CULTURE NOTES - JULY
 
This is the safest time to prune modern roses. Plants are now dormant enough to quickly respond to the stimulus that pruning provides to the plants. Old roses, climbers and ramblers, should at this time only have non-productive wood removed. After blooming in Spring/Summer these types will generate new wood for flowering in the following Spring.

If you followed my suggestions on Summer Trimming (February), there will not be as much work involved in pruning the plants. We took the opportunity to remove unproductive wood at that time and less work is required now. Failing that, approach pruning your modern roses first of all by distinguishing old from new wood, and work to retain only young wood on the plant. Any wood growing into and across the centre of the plant is to be removed whether old or young. Aim to give the plant a vigorous future by now removing oldest canes at the base of the plant, hopefully leaving 4 or 5 young canes for the coming season. These canes will be trimmed from the top down just above a plump bud in the leaf axil.
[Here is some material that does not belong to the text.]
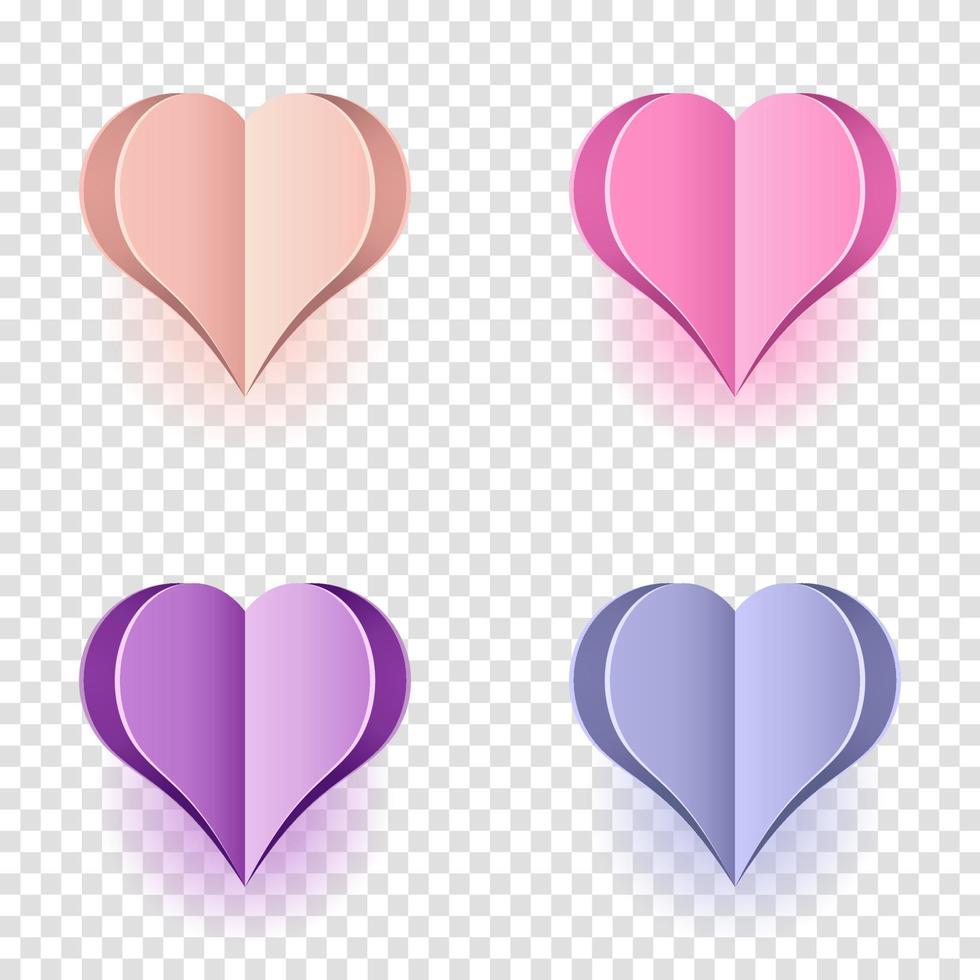 Paper hearts design. Vector symbol of love in shape of hearts for Happy Women's, Mothers day, birthday greeting card design. Vector illustration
Do not prune modern roses by cutting rose canes crew-cut style. This perpetuates the continuing existence of non-productive old wood, and considerably retards development of laterals on new wood, by effectively cutting to immature buds down the canes. Our climate is kinder than English conditions. We do not need to prune hard as is necessary there. We have inherited pruning methods from English books, but they do not apply in more temperate zones. There is no mystery to rose pruning. The object is to remove canes to encourage the plant to produce new canes. Cut out the old to create the new.